探索的データ解析

今日のビジネス、技術、科学分野の専門家たちは、複雑な―多くの場合、想像を絶するほど複雑な―環境で仕事を行っています。 これを効果的にこなすとなると、様々なソースからの膨大な量のデータから情報を読み取ることが必要となります。 伝統的なデータ・マイニング・ツールとしての確証的データ解析においては、実データを伴わない仮説を使って複雑な予測モデルを生成していました。 そのモデルは予測には有用であっても、データから効果的な洞察を得るには不十分でした。 Data Desk の真髄でもある―探索的データ分析(EDA)はデータセット内のパターンとの関連性を見るに留まらず、関連性の背後にある原因と影響までも知ることができる統計学的アプローチです。 EDAは、実際にデータ本体に何が起こっているのかを実に簡単に解読することに役立ちます。

ほとんどのデータは、他の活動の副産物として生じます。 ビジネスマンは販売戦略のために、人材管理のデータベース内のデータ、または政府や貿易機関によって公開されているデータを基にしたスプレッドシートのデータを携えているでしょう。 研究者は様々な選択肢から取捨選択するためにデータを収集していて、元々別の目的のために収集されたデータで新しい方法で見てみたい、あるいはエラーや予期しないパターンを実験データで確認したいと思うことがあるかもしれません。 これがデータ分析の過程において応用範囲が広く開かれていることが必要な理由です。

約百年前の初期の頃、統計学はパターン、傾向、関連性を記述する効果的な方法が考案され、研究家はデータの分析に勤しみました。 20世紀半ばには、その関心が確率論ないしは数学的な解析手法へと移り、最良の方法を見つけるべく様々な推測法が生み出されました。 1962年ジョン·テューキー博士は、こうした数理統計学においてリアル・ワールド・データ解析を無視されていることへの警告と、データの統計的記述が最優先されていた当時の科学的な統計への復帰を呼び掛けました。 その後の研究で、テューキー博士は、探索的データ解析、すなわち統計の元の目標へ立ち戻るとともに現代の方法を併用する哲学を提唱しました。

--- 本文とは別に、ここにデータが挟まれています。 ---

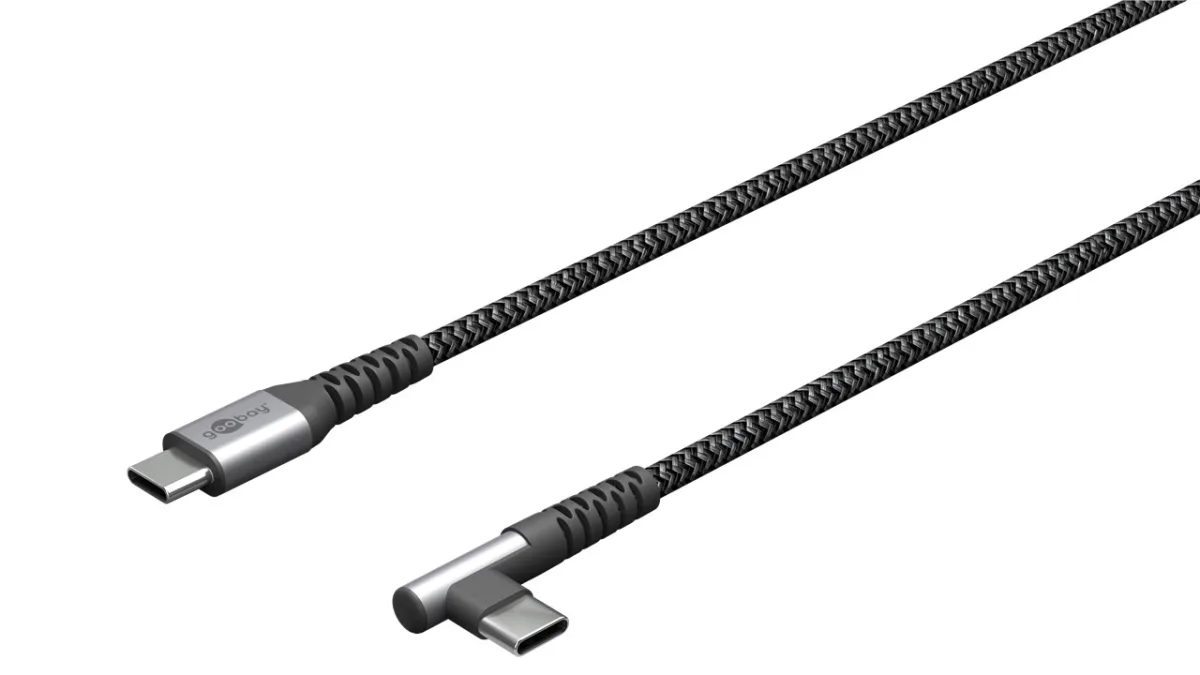 Cablu elegant extra-robust textil 1m 60W USB2.0 type C 90 grade - USB type C mufe metalice Goobay 64659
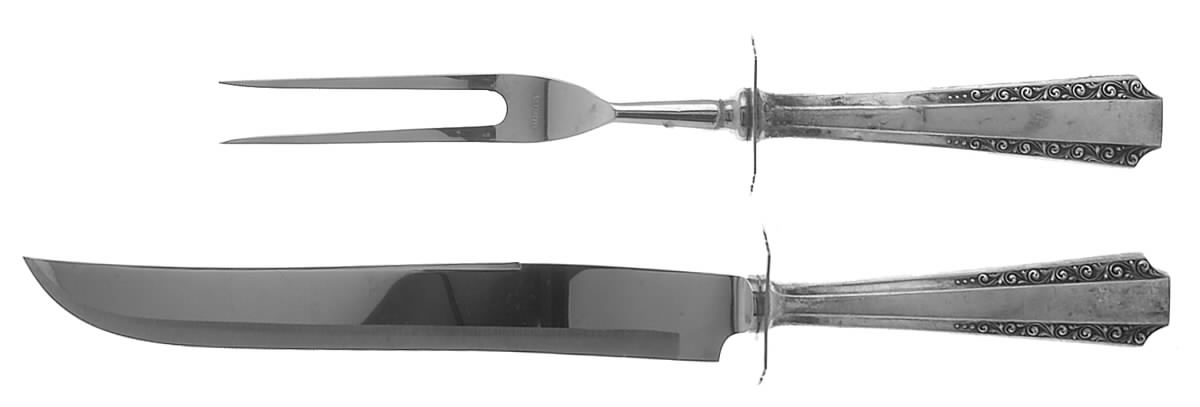 American Colonial (Sterling, 1949) Large 2-Piece Roast Carving Set w/Stainless Blade by Amston-1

伝統的な推測統計学は、仮説から開始し、実験を行い、仮説を実証します。一方EDA は、データから始まり、それらが保持している可能性のあるパターン、関連性、傾向を探ります。 近年、EDAは、より広く受け入れられるようになりました。この成長の大部分はデスクトップ・コンピュータの可用性と、伝統的な統計の手法がそぐわないデータの急増によるものです。 デスクトップ・コンピュータは、驚くほど効果的にEDA 哲学をサポートする新しい視覚的手法の開発を可能としました。

EDA はデータの視覚化が最重要ポイントで、データの構造に関する仮定やパターンの識別や記述にも重点を置いています。 容易に重要パターンを認識できる専門家だけでなく、複雑な統計手法を希望しない方にも役立つでしょう。

Data Description 社のグラフィカルな分析ツールは、EDA の哲学からスタートします。そのツールはデータを持ち、内部に隠れたパターンを発見したいという人々に力を与えます。